The AMR official said refund checks, ranging from 53 cents to $353, “were put in the mail today.”

Strozyk said the total amount of overbilling – $320,689 – represents only 1 percent of the revenue the ambulance company realized between 2003 and 2005 from its monopoly contract in the city of Spokane.

The contract gives the company a substantial presence in Spokane, allowing it to be the dominant ambulance provider in suburban areas, where its rates are governed only by Medicare reimbursement.

After saying he was embarrassed about the overbilling, Strozyk handed the committee a copy of AMR’s $225,000 external audit, conducted by an accounting firm in Denver, which examined 19,000 bills in the city of Spokane between January 2003 and last October.

Strozyk, based at the ambulance company’s regional office in Seattle, said AMR was billing all Spokane city patients at the more-expensive “advance life support” (ALS) rate.

Under the Spokane contract, the “basic life support” (BLS) rate is $358 and the ALS rate is $494. But if a city firefighter accompanies a patient to the hospital in an AMR ambulance, as often occurs, the company can only charge the lower $358 basic rate.

Under the contract, the city can seek a $1,000 fine for the first violation, $3,000 for the second and $5,000 for the third and any subsequent violation, Fire Chief Bobby Williams told the committee.

After the meeting, the fire chief wouldn’t disclose how many individual instances of overbilling were uncovered in a private audit paid for by AMR.

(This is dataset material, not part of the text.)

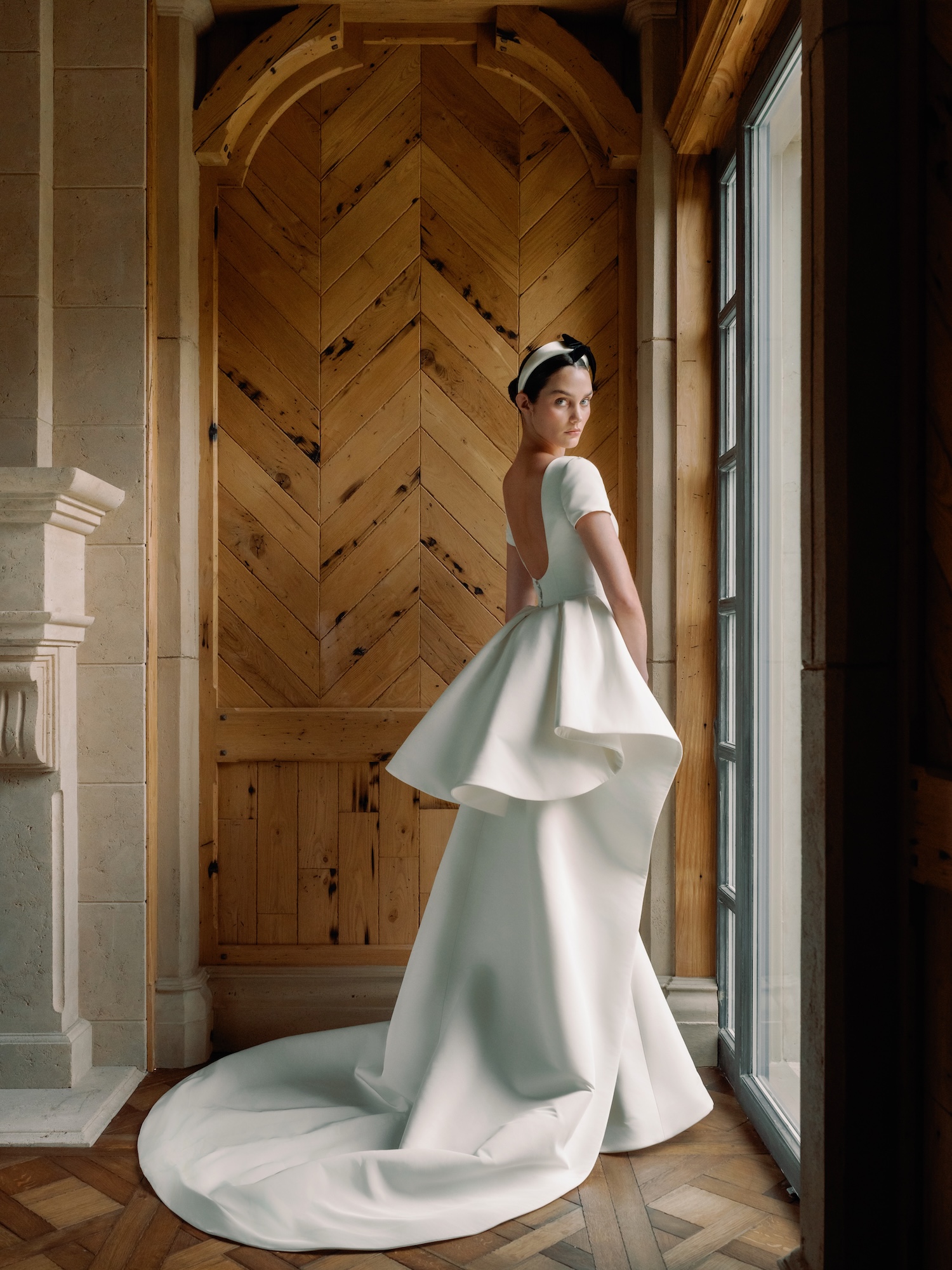 White Glove wedding dress with silk faille, low scoop back neckline with slim flare gown and dramatic ruffle overskirt.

Williams said it will be a legal question whether to charge AMR for one violation, for the overall pattern of overbilling uncovered in the audit, or whether to seek multiple fines for each instance.

Williams requested the audit last June, but council members said they weren’t told until late last year when they began questioning details of the AMR contract.

“I believe there were some lies given to us today by Chief Williams,” an angry Councilman Apple said after Tuesday’s briefing.

Apple wondered, if the fire chief requested the audit last June, as he claimed on Tuesday, then why didn’t he disclose that late last year when the Public Safety Committee began raising questions about overbilling, excessive mileage charges and resupplying the ambulance company with medical supplies.

“There’s been a failure to provide information to the council and the citizens of this city by the fire chief,” said Apple.

“We’ve been taking these bills to Chief Williams and Chief Kness for five years, and they haven’t done anything about it,” said Lt. Greg Borg, president of Firefighters Local 29. “All they’ve done is give us blank stares.

“In our minds, there is some complicity between Chief Williams and Chief Kness and AMR,” the union president said.